I'm not sure what Garmin recommends, but I've read that the 4 gb cards work fine, and that is a lot of capacity.


----------



## Devastazione (Dec 16, 2009)

Thanks Steve.

Does the screens somehow let you know the Micrdo SD is inside or the system just uses it for it's intended use ???


----------



## slocaus (Jul 21, 2005)

Devastazione said:


> I will buy soon a preloaded map ,but in the mean time I wolud like to store some self discovered trails and be sure to have them in the SD card.
> 
> So here are the questions:
> 
> ...


Look at these two sites for free maps before you buy a preloaded card.
GPS File Depot for Topo and Street Maps
Free routable maps for Garmin brand GPS devices for Street Maps


----------



## jkmacman (Mar 5, 2009)

i have 2 gps's that use the san disk.

the droid has a 2 gig mini. i use about 75% for mp3, and yesterday reached capacity filling up w/jpg. I have saved gpx files that i created but the files are small about 300k.

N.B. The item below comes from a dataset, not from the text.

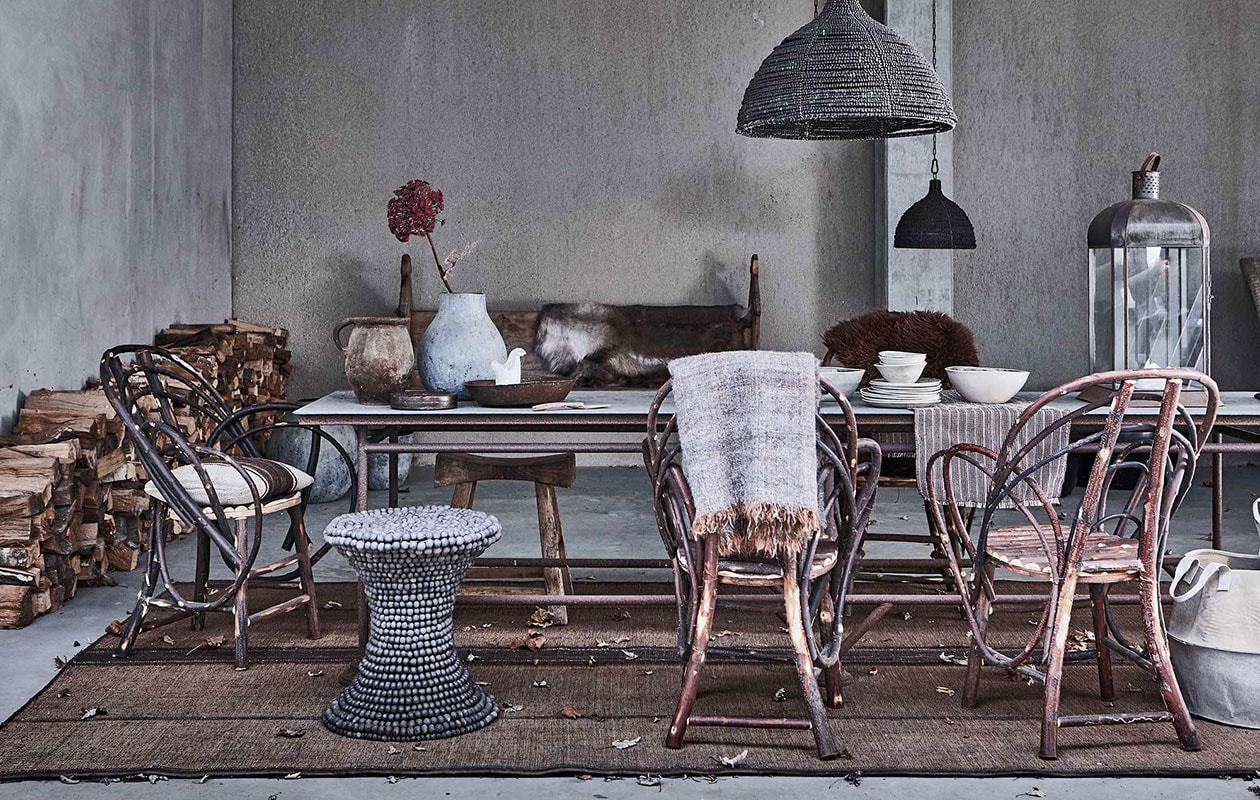 Kastanjehouten stoelen, aardewerken potten, vaas van Imperfettolab, kruk Beaded, zinken tafel, houten krukje uit Azië, hanglampen Beaded Dawn, lantaarn, vloerkleed, plaid, wit servies (). Rendierenvacht (). Kussen met streep, tafelloper (). Bruine schapenvacht, ronde platte schaal, metalen bruine schaal (). Canvas mand (). vtwonen 01-2017 | Fotografie Jeroen van der Spek | Styling Cleo Scheulderman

on my delorme, i loaded the states that are nearby to me on the sandisk. on the pn-40, you can save only gpx of waypoints files ( available w/ firmware upgrade last month ) regular gpx files are saved on the unit itself. 

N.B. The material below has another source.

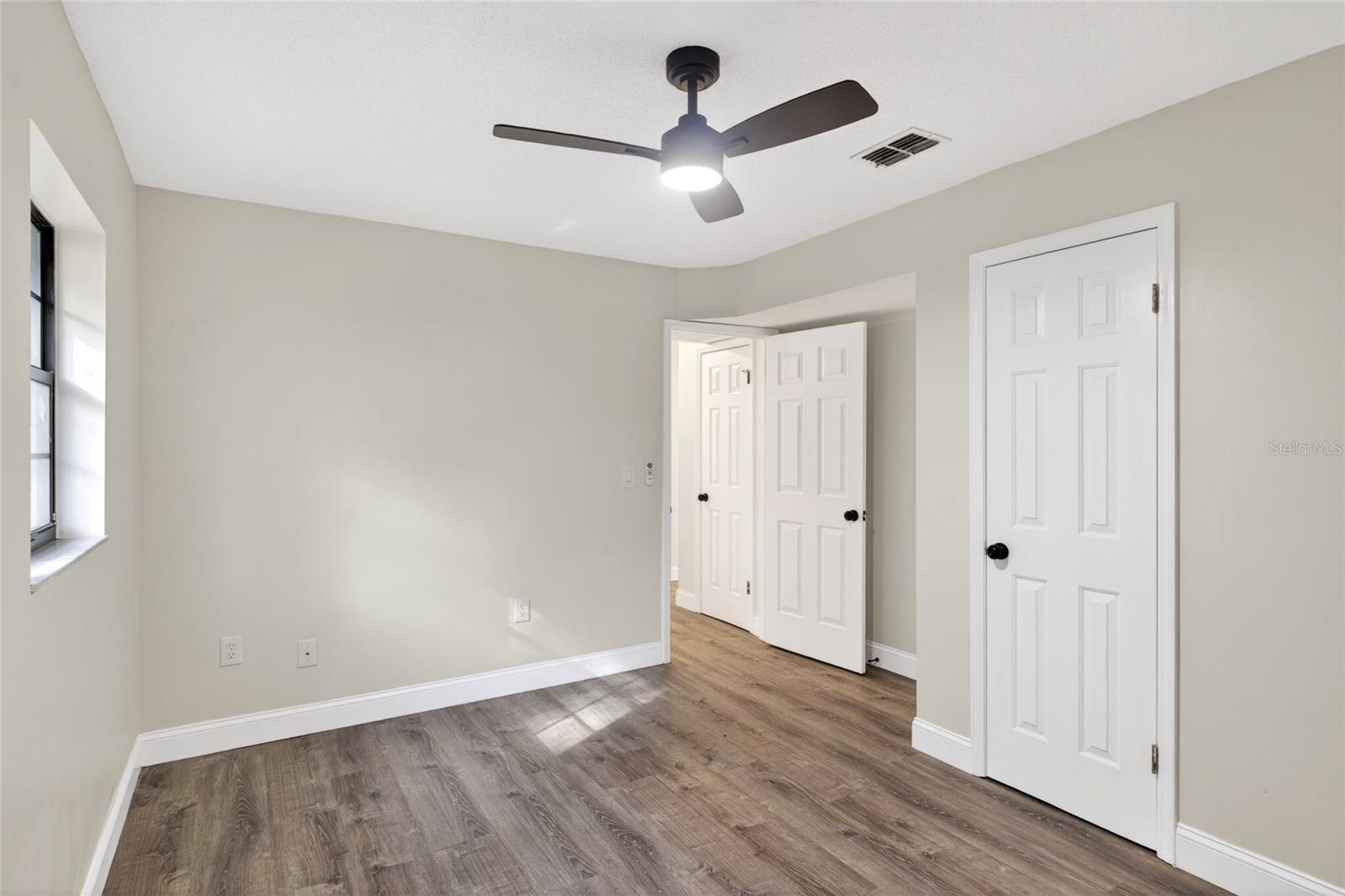 Image 26 of 47 For 303 Fountain Street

i have 2 garmins, but they don't use san disks. the disks cost a few bucks at staples blank. it might be cheaper to buy blanks and subscribe online for downloads. i need basemaps myself for my droid, since sometimes it drops the signal and the screen comes up blank


----------



## smilinsteve (Jul 21, 2009)

Devastazione said:


> Thanks Steve.
> 
> Does the screens somehow let you know the Micrdo SD is inside or the system just uses it for it's intended use ???


I haven't put maps on my SD card lately so I can't remember exactly how it works. I think the Mapsource software guides you to the SD card when you want to download a map to it. Once its on there, the Garmin doesn't differentiate between the internal and card memory for maps. there are some things that don't go on card memory however. IIRC, tracks and waypoints are only stored on internal memory and the number is limited. I can't remember if you can save tracks to card memory or not. I think you can, but the garmin doesn't access it.


----------